P.S. - Today I went to our local tech shop / monopoly(mediamarkt) to try some headsets. One of the was the HD215, which did not have a showroom set. The interaction went like this:

Me: Hi, I would love to buy these, but is seem there is no showroom set. Could you un-pack one?
Cust.Rep: No.
Me: So, you are telling me that I cannot try them on, but I can buy them and return them at full price?
Cust.Rep.: We will not refund full price (which, as far as I know is illegal here).
Me: Yes, you will because you even sent me a customer card, which has that as one of the perks. So, now can You open one?
Cust.Rep: No.
Me: Walks out the door...



It's sad right, but it's the same everywhere, so hard to really test a product before buying, especially something like headphones which involves preference and comfort factor.

1 Like


Yeah, Sennheiser is usually a good choice.

It looks like there are some Sony headphones for reasonable prices too, the MDR-ZX660AP and the MDR-XB950AP. The higher end Sony's are well regarded, and these cheaper ones seem to have decent reviews.



Unrelated but nice idea. Deskthority have a moving keyboard or boards to try different boards. The request them in the thread and when it gets to their post it is sent to them from them last person and from them to the next and so on. Means everyone can try a switch type on a board for a week or so and only have to pay the price of shipping.

Something like this for headphones would be really nice. Lot of trust involved though.



I recommend getting regular good headphones and adding "mod mic". (or similar)



Like @Zoltan allready mentioned, Sennheisers in my opinion are pretty good.
But the best way is basicly go to a shop and listen yourself.
Because audio quality is a very personal thing.
I listened to a couple of diffrent Sennheiser models, and in my opinion,
pretty much all of them sounded pretty well for their price points.
Even the cheaper lower budget ones did suprise me.
But of course its all personal, and it also matter on which kind of audio you listen to.

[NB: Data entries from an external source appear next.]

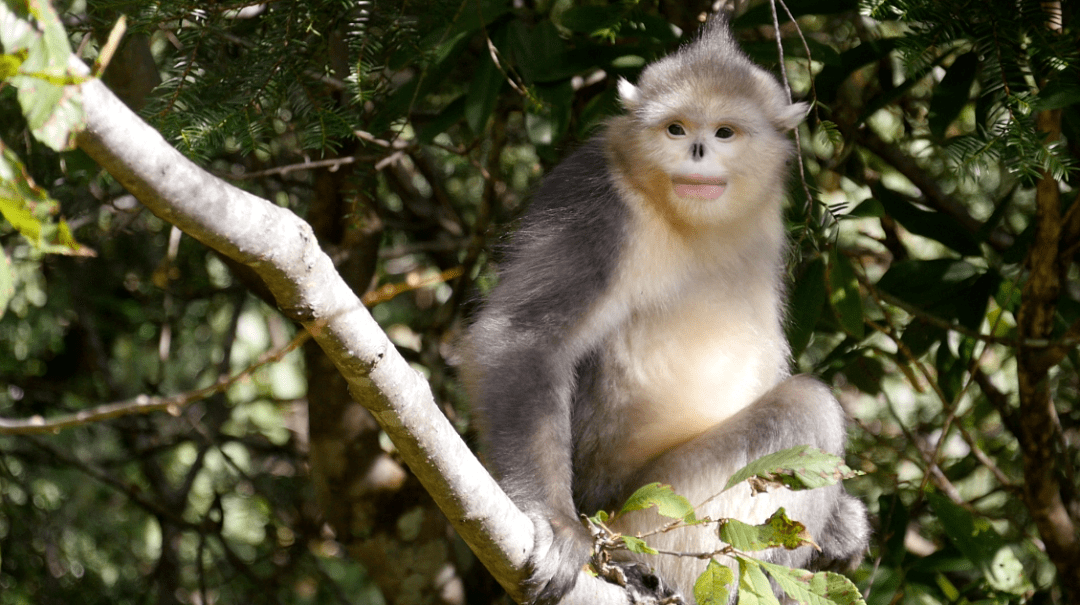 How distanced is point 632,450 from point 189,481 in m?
2.66

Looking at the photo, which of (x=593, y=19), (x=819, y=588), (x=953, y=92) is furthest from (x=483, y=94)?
(x=819, y=588)

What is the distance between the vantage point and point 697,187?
291cm

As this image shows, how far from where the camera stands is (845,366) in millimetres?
3945

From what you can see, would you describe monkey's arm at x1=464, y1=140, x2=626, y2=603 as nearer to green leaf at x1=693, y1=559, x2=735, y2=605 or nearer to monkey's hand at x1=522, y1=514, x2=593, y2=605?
monkey's hand at x1=522, y1=514, x2=593, y2=605

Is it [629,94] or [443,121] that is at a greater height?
[629,94]

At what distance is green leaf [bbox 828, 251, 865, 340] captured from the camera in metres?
3.42

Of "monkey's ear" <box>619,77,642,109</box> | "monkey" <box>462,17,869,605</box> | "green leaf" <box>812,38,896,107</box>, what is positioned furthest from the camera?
"green leaf" <box>812,38,896,107</box>

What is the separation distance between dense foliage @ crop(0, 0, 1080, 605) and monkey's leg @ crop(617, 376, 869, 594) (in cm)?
50

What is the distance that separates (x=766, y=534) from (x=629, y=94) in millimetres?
1581

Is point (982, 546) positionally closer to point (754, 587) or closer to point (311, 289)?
point (754, 587)

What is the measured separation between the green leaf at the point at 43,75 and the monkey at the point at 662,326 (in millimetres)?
1705

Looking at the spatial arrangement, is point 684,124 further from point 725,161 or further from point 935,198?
point 935,198

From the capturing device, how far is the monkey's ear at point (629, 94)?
125 inches

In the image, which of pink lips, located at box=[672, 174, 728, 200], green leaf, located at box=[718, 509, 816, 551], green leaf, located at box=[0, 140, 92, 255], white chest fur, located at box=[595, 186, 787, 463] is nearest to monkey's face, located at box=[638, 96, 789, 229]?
pink lips, located at box=[672, 174, 728, 200] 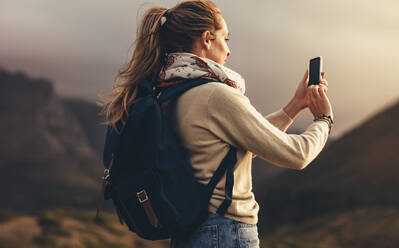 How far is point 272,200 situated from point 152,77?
78319mm

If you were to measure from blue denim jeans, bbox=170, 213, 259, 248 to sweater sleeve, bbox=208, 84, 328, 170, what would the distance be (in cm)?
39

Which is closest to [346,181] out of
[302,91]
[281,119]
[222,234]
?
[281,119]

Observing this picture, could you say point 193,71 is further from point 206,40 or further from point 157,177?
point 157,177

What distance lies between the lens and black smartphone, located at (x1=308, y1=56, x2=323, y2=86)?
116 inches

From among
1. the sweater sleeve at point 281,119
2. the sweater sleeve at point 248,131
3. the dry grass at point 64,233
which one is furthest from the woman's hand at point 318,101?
the dry grass at point 64,233

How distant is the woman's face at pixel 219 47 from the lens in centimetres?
275

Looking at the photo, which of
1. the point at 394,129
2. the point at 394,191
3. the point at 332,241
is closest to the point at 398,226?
the point at 332,241

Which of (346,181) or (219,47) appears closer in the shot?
(219,47)

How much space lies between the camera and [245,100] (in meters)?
2.41

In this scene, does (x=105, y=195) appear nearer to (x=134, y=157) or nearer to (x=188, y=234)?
(x=134, y=157)

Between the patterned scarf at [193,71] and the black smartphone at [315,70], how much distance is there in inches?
23.2

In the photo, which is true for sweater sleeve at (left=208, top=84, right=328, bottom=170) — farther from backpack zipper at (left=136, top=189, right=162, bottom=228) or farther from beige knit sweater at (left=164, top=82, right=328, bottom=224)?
backpack zipper at (left=136, top=189, right=162, bottom=228)

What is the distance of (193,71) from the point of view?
2504 mm

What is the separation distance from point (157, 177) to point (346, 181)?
220 ft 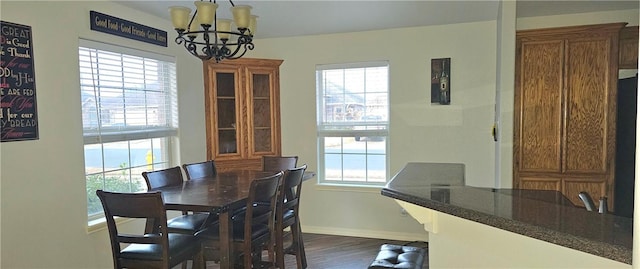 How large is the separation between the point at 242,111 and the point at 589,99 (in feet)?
10.5

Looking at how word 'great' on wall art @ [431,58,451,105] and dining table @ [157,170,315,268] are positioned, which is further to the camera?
word 'great' on wall art @ [431,58,451,105]

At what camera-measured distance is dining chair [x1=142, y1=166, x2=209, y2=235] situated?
9.63 ft

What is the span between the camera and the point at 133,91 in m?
3.53

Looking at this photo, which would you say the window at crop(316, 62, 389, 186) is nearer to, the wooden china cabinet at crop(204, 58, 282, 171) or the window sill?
the window sill

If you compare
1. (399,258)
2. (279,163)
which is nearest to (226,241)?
(399,258)

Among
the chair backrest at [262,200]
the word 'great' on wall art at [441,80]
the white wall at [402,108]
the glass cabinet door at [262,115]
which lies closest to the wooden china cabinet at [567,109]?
the white wall at [402,108]

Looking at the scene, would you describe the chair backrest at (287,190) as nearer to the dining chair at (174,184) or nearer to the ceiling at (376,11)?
the dining chair at (174,184)

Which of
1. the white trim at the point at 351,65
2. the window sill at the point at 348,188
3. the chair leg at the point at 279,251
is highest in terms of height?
the white trim at the point at 351,65

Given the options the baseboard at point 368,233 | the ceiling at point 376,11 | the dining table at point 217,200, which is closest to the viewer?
the dining table at point 217,200

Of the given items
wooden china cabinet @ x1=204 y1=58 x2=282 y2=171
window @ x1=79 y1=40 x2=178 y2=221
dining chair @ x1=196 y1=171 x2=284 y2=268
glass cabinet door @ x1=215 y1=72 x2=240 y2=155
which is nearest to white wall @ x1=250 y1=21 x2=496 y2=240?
wooden china cabinet @ x1=204 y1=58 x2=282 y2=171

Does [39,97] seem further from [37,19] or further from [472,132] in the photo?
[472,132]

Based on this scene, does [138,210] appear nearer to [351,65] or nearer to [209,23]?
[209,23]

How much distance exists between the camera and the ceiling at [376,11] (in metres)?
3.46

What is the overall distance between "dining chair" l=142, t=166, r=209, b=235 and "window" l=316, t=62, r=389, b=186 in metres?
1.88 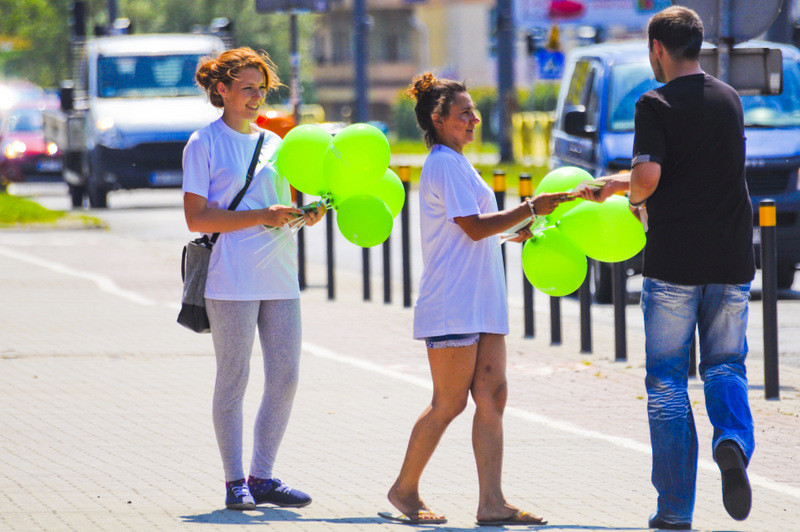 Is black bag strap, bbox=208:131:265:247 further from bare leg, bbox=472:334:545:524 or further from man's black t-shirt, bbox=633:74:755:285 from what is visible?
man's black t-shirt, bbox=633:74:755:285

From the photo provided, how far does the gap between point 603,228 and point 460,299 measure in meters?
0.79

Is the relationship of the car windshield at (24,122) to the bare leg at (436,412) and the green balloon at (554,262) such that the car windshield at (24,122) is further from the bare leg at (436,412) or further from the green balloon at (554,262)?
the bare leg at (436,412)

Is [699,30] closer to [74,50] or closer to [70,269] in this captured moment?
[70,269]

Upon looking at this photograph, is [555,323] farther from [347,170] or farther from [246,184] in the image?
[246,184]

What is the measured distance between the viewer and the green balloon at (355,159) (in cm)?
587

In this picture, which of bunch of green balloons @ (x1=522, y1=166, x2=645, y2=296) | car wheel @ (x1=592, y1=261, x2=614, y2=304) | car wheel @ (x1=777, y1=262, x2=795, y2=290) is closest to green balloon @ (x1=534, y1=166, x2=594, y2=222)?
bunch of green balloons @ (x1=522, y1=166, x2=645, y2=296)

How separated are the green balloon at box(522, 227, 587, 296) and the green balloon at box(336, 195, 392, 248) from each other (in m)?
0.61

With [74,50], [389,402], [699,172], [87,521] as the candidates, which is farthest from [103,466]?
[74,50]

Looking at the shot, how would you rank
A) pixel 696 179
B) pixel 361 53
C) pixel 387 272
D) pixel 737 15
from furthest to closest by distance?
pixel 361 53 < pixel 387 272 < pixel 737 15 < pixel 696 179

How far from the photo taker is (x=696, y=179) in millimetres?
5242

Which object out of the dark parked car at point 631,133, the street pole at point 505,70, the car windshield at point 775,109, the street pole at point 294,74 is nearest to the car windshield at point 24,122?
the street pole at point 505,70

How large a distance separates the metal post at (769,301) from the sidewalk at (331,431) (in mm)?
130

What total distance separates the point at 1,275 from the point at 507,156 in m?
20.2

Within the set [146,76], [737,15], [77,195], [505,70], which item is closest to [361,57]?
[505,70] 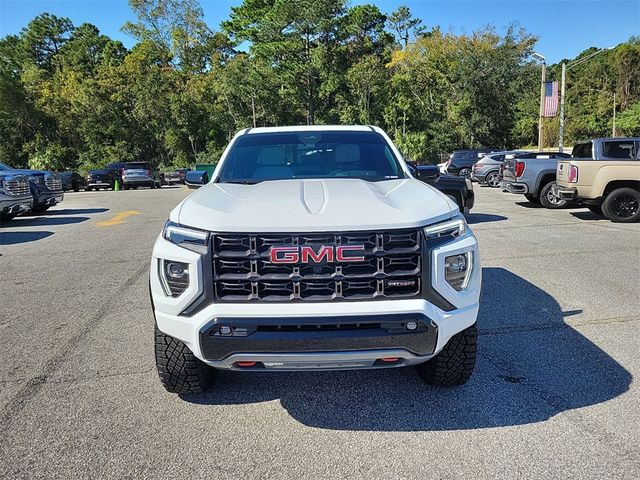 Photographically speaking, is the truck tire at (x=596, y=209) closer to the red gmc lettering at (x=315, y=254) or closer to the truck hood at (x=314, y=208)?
the truck hood at (x=314, y=208)

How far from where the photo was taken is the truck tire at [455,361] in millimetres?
3223

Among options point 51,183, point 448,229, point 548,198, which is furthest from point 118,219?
point 448,229

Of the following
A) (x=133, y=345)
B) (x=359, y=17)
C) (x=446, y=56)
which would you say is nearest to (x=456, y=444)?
(x=133, y=345)

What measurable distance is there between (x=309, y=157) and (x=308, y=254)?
6.50 feet

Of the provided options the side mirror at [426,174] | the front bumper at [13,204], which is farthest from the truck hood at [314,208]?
the front bumper at [13,204]

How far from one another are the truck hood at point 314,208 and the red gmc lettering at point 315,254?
11 cm

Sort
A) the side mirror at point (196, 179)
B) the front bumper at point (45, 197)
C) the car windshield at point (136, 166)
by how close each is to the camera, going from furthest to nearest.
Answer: the car windshield at point (136, 166) < the front bumper at point (45, 197) < the side mirror at point (196, 179)

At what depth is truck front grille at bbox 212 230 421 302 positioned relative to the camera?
2.81 m

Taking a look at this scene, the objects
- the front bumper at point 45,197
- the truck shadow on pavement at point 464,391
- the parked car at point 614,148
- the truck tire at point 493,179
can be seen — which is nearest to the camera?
the truck shadow on pavement at point 464,391

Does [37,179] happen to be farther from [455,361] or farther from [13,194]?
[455,361]

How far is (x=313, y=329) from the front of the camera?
2775 mm

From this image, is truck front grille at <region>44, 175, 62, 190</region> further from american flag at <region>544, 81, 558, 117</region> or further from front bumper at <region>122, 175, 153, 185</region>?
american flag at <region>544, 81, 558, 117</region>

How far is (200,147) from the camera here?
176 feet

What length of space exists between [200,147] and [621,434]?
53829mm
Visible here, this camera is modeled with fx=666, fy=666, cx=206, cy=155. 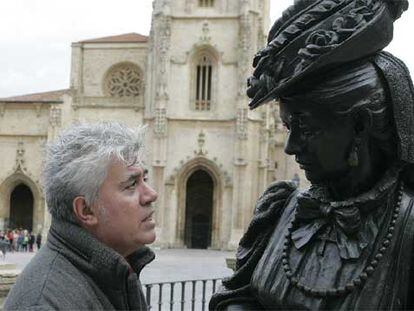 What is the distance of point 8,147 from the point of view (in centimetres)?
3762

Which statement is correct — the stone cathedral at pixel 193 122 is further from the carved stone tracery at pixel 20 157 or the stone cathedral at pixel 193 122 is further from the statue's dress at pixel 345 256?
the statue's dress at pixel 345 256

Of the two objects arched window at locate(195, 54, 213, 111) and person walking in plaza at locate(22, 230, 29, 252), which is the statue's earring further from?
arched window at locate(195, 54, 213, 111)

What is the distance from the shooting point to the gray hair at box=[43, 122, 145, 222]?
1982 millimetres

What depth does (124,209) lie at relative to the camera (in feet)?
6.63

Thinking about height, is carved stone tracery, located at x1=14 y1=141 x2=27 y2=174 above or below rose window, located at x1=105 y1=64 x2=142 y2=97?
below

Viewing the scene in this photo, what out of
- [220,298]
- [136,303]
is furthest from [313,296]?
[136,303]

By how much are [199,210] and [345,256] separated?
3415cm

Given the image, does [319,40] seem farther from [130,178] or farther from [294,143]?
[130,178]

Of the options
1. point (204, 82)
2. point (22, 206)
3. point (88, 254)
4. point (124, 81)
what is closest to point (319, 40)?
point (88, 254)

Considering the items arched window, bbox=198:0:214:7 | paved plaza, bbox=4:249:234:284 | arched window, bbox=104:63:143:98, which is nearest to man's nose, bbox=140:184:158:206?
paved plaza, bbox=4:249:234:284

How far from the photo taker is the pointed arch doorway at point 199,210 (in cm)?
3500

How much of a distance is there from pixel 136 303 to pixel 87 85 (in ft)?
123

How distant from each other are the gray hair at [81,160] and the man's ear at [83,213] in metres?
0.01

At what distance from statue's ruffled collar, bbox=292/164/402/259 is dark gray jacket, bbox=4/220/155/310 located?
1.83ft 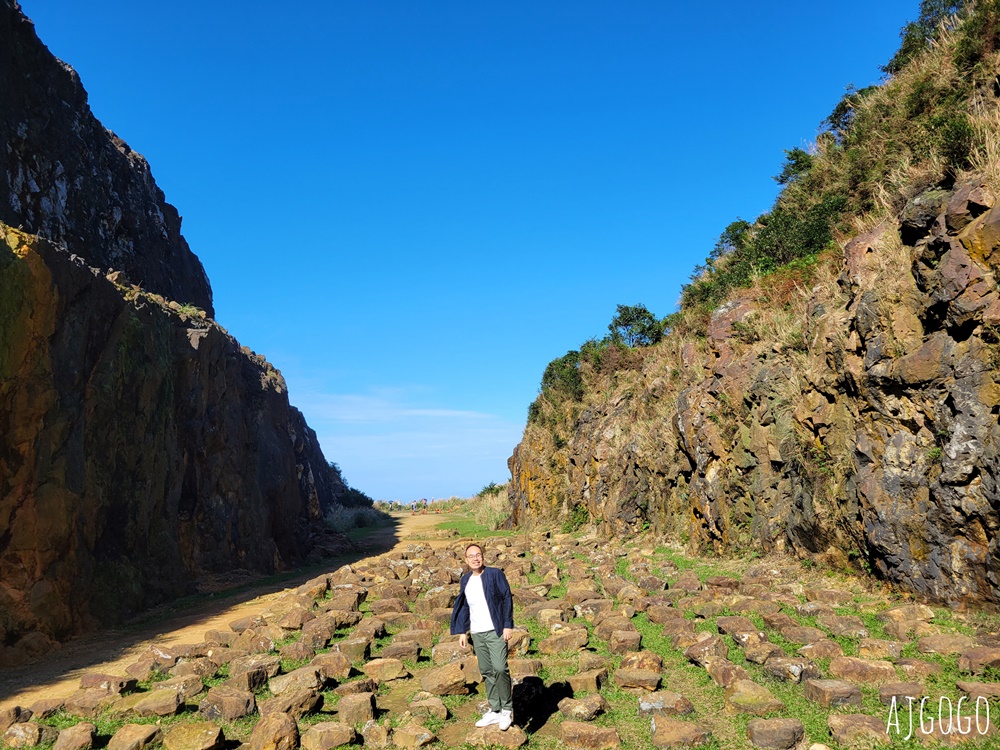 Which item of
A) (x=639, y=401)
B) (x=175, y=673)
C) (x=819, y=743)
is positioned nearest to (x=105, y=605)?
(x=175, y=673)

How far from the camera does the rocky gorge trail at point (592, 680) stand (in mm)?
7633

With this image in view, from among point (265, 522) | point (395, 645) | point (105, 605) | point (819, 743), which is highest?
point (265, 522)

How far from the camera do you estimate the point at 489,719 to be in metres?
8.12

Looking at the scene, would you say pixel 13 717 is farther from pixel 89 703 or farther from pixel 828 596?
pixel 828 596

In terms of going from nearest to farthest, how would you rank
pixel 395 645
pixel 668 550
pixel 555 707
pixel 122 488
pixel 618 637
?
pixel 555 707
pixel 618 637
pixel 395 645
pixel 122 488
pixel 668 550

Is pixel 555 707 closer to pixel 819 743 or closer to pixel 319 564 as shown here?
pixel 819 743

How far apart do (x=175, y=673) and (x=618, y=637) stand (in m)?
7.58

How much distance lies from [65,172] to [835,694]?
3686 cm

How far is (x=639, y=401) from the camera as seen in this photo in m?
30.6

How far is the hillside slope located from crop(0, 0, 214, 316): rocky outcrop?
90.4 ft

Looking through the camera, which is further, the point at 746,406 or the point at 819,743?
the point at 746,406

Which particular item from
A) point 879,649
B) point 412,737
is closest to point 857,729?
point 879,649

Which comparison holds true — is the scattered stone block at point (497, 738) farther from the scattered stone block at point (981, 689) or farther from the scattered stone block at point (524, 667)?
the scattered stone block at point (981, 689)

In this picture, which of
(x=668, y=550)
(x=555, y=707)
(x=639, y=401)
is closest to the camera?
(x=555, y=707) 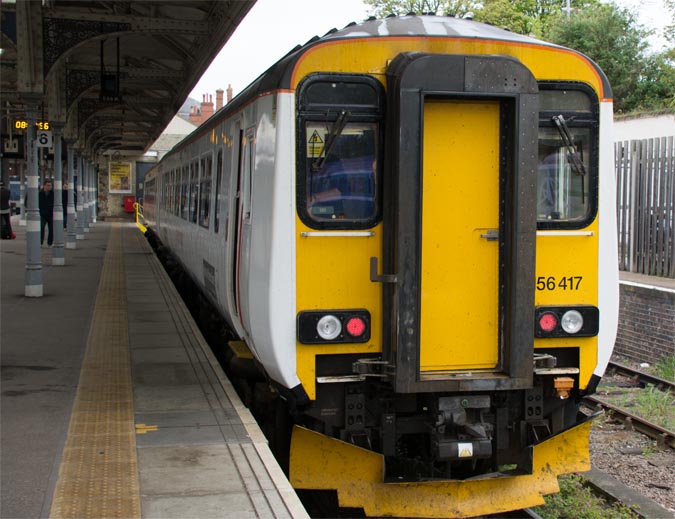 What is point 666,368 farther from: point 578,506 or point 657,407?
point 578,506

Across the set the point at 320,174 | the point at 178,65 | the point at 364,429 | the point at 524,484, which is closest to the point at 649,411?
the point at 524,484

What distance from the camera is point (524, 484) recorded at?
575cm

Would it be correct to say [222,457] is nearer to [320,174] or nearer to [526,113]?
[320,174]

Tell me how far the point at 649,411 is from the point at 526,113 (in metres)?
5.62

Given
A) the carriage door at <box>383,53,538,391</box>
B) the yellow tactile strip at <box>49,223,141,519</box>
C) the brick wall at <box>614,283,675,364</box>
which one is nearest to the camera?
the yellow tactile strip at <box>49,223,141,519</box>

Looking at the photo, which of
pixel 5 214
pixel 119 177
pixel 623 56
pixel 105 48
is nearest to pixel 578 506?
pixel 105 48

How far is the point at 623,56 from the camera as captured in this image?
32719mm

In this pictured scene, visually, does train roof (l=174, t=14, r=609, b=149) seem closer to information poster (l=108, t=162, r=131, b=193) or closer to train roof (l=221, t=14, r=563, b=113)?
train roof (l=221, t=14, r=563, b=113)

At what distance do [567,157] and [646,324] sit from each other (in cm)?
831

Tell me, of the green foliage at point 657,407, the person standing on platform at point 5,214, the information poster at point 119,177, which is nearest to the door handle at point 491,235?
the green foliage at point 657,407

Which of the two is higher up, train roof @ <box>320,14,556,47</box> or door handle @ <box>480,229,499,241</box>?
train roof @ <box>320,14,556,47</box>

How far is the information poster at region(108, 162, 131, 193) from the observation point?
5609 cm

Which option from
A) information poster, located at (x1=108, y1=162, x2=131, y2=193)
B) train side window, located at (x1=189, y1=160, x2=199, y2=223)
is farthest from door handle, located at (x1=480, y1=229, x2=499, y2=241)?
information poster, located at (x1=108, y1=162, x2=131, y2=193)

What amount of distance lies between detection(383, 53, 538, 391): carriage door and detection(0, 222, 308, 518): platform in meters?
1.24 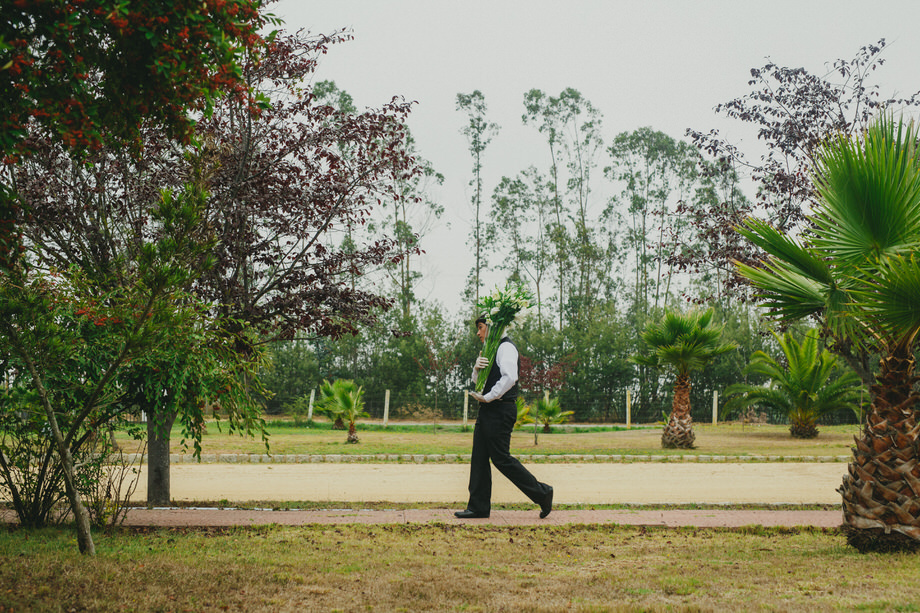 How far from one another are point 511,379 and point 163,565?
3573 millimetres

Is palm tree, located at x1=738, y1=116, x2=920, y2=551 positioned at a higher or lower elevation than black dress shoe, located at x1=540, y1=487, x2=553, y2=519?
higher

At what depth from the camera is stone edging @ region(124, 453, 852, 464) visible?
15.1 metres

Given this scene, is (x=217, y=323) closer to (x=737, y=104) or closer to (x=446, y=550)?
(x=446, y=550)

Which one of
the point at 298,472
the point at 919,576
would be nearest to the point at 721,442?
the point at 298,472

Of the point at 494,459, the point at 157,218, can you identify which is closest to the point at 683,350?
the point at 494,459

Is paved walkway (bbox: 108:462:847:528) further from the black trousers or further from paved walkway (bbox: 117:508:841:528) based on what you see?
the black trousers

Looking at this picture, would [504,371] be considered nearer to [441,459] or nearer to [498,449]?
[498,449]

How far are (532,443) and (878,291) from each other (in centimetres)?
1546

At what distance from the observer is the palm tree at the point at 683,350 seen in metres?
19.0

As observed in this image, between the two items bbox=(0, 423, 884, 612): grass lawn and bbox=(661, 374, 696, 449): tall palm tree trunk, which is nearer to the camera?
bbox=(0, 423, 884, 612): grass lawn

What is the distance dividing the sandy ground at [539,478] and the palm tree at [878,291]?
144 inches

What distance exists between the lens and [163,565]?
5.04m

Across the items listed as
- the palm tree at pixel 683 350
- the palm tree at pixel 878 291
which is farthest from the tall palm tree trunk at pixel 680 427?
the palm tree at pixel 878 291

Not sure how the EU headphone market looks like, but I'll list a couple here.

Status Audio CB-1
Audio Technica ATH-M40X. Probably pick up some Brainwavz HM5 pads cuz the stock pads are garbo.
Sennheiser HD 598cs. Reviews have been a bit meh on the overall sound though.



Thank you all of the feedback and recommendations.

I picket up a pair of Audio Technica M50X for about 130 euro, after trying around 20 sets (found a new shop, geared towards musicians). Extremely comfortable and they sound really good. I also like how when you open them the two speakers stay parallel to each other.

On a side note, just spend 1.5 hours re-building my desktop, trying to get the Realtek card working. My first guess was Windows 10, however it does not work on Linux Mint either. In both OSes the card is stuck on "front audio jack" only and no other audio is detected. The HD audio connector is connected to the HD Audio port on the MB. Speakers or headsets are not detected / produce sound in front or rear ports.

At this points it looks like that If I want to use both speakers and headset without having to plug them in or out in the monitor (thank god for that), I need to get a new MB (this would be the second board with Realtek audio to have its audio chip go bad).



Good choice in headphones.

As for the sound card issues, I've had that happen before and the only way to really do anything about it was I had to open the audio playback preferences and set whatever it was that I wanted to use for sound at that moment as the default device.



Tried that. The problem is no matter what I do, only one device is detected, on a non-existent input. This is on multiple OSes. I found a thread with the exact same problem on techpowerup forums. Ended with a MB replacement (twice actually, because who does quality control these days).